Nutrition Facts : Calories 540.2 calories, Carbohydrate 44.9 g, Cholesterol 89.4 mg, Fat 27.7 g, Fiber 8.4 g, Protein 32.2 g, SaturatedFat 14.5 g, Sodium 2265.9 mg, Sugar 11.5 g

Tips:

  • Prep Ingredients in Advance: Before starting, measure and chop all ingredients to ensure smooth cooking.
  • Use Quality Ingredients: Fresh, high-quality ingredients will elevate the flavors of your enchiladas.
  • Don't Overfill the Enchiladas: Keep a balance between the filling and the tortilla to prevent tearing.
  • Brown the Tortillas: This step adds a delightful smoky flavor and helps prevent the tortillas from becoming soggy.
  • Use a Variety of Cheeses: Combining different cheeses, such as cheddar, Monterey Jack, and queso Oaxaca, creates a rich and flavorful filling.
  • Don't Overcook the Enchiladas: Bake them just until the cheese is melted and bubbly, about 20 minutes, to prevent dry or tough enchiladas.
  • Garnish Before Serving: Enhance the presentation with fresh cilantro, sour cream, avocado, and salsa.

Conclusion:

Tri-color enchiladas are a versatile and delicious dish that combines the vibrant flavors of Mexican cuisine with the convenience of a casserole.
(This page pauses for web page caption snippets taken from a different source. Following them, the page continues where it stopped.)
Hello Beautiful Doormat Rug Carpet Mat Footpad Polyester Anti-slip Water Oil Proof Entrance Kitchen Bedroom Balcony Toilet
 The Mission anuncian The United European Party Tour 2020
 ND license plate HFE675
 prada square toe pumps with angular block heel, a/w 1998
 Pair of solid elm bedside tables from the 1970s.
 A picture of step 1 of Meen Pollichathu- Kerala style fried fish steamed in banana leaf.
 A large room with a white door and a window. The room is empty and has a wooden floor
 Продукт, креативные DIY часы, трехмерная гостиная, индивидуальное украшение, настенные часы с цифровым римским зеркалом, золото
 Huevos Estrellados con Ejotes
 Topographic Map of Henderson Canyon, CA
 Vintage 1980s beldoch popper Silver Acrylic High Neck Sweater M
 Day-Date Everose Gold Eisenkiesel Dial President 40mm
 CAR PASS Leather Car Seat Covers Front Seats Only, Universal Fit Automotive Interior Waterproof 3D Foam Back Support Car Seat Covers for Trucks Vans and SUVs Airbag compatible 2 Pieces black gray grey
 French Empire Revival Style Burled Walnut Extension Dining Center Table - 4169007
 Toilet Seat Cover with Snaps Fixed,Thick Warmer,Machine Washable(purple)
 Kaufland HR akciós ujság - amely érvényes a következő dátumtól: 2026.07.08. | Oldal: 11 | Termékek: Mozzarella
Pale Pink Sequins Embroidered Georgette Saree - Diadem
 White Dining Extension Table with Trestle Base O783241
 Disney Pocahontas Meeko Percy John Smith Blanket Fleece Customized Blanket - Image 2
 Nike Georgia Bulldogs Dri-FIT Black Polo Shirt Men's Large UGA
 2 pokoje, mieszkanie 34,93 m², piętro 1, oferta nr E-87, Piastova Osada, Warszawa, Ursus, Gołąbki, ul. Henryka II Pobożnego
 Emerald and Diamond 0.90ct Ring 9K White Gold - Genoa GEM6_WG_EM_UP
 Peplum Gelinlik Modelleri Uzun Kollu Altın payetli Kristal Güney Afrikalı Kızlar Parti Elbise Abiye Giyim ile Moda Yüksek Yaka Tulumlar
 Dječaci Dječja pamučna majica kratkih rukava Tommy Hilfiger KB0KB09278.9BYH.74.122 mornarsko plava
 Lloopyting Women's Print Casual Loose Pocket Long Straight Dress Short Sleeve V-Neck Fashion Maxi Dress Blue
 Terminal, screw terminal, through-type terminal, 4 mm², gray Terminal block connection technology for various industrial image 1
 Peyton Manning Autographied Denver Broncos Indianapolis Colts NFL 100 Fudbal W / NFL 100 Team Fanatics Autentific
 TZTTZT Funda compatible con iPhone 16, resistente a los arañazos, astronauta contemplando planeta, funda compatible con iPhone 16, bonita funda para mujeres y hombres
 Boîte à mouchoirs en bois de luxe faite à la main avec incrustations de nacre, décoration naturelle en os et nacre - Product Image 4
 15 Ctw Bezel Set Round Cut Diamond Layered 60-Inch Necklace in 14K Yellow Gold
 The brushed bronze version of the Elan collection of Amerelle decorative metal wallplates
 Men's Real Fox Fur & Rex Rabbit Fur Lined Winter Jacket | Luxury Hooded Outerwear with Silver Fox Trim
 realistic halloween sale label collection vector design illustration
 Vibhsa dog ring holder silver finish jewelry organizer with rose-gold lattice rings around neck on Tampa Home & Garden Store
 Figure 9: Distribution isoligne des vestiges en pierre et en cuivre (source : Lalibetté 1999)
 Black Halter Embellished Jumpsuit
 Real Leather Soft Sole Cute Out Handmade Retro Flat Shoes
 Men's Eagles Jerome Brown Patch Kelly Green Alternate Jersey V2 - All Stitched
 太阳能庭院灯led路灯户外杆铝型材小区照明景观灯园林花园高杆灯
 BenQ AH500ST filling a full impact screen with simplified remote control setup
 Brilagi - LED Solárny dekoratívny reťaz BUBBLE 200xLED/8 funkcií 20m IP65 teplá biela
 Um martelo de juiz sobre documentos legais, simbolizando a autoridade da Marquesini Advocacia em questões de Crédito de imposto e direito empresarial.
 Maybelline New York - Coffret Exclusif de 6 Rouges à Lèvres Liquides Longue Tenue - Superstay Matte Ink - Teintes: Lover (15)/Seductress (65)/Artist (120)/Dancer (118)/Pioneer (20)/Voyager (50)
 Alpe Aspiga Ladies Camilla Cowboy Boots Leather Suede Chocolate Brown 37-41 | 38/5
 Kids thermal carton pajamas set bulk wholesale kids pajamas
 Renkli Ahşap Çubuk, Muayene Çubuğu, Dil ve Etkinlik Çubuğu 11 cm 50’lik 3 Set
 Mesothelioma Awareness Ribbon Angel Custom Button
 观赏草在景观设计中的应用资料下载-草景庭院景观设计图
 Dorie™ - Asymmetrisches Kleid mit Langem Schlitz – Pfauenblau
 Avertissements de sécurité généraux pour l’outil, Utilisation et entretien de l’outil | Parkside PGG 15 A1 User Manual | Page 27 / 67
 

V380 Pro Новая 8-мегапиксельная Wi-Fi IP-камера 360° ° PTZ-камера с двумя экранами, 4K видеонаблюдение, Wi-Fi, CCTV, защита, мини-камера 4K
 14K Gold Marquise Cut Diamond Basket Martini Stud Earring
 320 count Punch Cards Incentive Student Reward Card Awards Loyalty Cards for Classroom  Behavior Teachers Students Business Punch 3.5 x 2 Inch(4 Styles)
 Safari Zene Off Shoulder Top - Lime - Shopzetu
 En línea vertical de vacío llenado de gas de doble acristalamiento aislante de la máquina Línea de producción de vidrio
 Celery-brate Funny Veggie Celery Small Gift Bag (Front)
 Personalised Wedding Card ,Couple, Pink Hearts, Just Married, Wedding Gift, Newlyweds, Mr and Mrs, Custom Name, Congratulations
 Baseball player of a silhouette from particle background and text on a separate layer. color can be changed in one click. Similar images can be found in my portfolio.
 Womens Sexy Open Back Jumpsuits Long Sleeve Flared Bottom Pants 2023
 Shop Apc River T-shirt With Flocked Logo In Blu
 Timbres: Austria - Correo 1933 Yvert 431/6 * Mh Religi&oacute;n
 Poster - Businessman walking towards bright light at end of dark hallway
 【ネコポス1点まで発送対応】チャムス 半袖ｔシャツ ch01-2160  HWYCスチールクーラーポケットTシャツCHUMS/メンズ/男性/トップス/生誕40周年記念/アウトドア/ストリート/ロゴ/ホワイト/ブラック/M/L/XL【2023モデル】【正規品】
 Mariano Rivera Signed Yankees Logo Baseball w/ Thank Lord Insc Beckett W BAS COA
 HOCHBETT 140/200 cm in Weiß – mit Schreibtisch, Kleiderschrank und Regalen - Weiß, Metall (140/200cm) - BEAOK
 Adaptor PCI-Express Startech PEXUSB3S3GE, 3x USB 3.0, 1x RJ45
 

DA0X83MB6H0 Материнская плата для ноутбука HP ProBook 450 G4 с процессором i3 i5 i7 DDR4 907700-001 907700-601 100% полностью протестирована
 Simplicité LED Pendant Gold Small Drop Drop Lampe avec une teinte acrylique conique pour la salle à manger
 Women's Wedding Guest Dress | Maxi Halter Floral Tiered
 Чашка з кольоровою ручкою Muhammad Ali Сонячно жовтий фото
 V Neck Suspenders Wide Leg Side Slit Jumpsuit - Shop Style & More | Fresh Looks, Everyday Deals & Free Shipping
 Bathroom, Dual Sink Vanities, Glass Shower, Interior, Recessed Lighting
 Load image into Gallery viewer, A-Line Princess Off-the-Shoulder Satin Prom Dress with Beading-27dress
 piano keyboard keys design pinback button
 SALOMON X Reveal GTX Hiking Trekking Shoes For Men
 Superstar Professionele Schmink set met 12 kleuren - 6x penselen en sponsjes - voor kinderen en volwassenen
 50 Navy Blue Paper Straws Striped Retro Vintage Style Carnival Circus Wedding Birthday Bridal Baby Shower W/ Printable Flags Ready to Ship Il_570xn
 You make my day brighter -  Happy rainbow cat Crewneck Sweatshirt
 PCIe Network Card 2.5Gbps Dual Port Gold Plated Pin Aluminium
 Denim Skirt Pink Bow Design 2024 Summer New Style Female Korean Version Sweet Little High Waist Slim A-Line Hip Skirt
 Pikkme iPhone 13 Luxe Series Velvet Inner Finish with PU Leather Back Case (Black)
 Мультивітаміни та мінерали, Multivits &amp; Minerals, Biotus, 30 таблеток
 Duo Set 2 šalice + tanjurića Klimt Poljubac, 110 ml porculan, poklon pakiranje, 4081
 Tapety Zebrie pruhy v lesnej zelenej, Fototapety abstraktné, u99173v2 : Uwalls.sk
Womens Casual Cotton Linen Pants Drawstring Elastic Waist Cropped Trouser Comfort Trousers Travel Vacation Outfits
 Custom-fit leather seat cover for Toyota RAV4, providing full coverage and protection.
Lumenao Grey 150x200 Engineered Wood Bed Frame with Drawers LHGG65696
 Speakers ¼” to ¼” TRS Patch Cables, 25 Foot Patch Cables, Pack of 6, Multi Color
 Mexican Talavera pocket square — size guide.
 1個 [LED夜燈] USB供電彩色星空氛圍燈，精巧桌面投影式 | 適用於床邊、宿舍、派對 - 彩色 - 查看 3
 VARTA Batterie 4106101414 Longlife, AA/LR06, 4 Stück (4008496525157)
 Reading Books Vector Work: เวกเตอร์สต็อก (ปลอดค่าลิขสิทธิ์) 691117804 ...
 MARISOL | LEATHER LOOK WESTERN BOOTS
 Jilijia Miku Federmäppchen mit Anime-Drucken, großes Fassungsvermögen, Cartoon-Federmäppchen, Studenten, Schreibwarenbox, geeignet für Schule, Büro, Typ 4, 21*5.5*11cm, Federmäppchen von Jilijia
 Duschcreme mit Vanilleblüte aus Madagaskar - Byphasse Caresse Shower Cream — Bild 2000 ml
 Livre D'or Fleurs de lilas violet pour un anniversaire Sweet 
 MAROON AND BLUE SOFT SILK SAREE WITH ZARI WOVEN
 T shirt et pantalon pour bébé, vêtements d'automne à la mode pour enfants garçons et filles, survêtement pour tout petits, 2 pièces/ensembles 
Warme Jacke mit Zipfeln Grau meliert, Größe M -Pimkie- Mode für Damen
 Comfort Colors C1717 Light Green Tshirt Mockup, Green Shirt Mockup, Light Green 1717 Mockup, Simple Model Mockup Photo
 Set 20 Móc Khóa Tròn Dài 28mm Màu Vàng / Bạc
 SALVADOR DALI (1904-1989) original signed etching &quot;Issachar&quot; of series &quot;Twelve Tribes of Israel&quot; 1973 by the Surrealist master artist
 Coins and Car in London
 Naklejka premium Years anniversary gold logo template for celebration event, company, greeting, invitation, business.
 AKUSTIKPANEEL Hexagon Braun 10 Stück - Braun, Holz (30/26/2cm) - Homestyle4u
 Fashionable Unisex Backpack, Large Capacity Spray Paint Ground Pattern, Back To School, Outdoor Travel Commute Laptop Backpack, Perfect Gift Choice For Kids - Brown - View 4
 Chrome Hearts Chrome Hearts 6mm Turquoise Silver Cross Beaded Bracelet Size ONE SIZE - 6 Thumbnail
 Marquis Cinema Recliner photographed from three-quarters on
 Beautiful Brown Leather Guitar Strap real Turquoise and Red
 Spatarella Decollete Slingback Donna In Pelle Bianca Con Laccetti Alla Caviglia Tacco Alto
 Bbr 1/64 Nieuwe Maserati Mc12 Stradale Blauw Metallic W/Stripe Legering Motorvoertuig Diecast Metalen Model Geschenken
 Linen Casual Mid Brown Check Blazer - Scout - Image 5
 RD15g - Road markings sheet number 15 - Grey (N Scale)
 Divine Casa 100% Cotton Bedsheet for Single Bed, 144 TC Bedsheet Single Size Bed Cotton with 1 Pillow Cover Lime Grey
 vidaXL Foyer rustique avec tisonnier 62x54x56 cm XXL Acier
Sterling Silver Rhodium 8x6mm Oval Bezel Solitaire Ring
With its layers of soft tortillas, savory fillings, melted cheese, and flavorful sauce, this dish is a crowd-pleaser perfect for potlucks, family gatherings, or a delightful weeknight meal. Whether you prefer a classic cheese filling or a more adventurous combination of meats and vegetables, the possibilities are endless. Experiment with different ingredients and sauces to create your unique and satisfying tri-color enchilada recipe. So, gather your loved ones around the table, savor the tantalizing aromas, and indulge in the delightful symphony of flavors that tri-color enchiladas have to offer.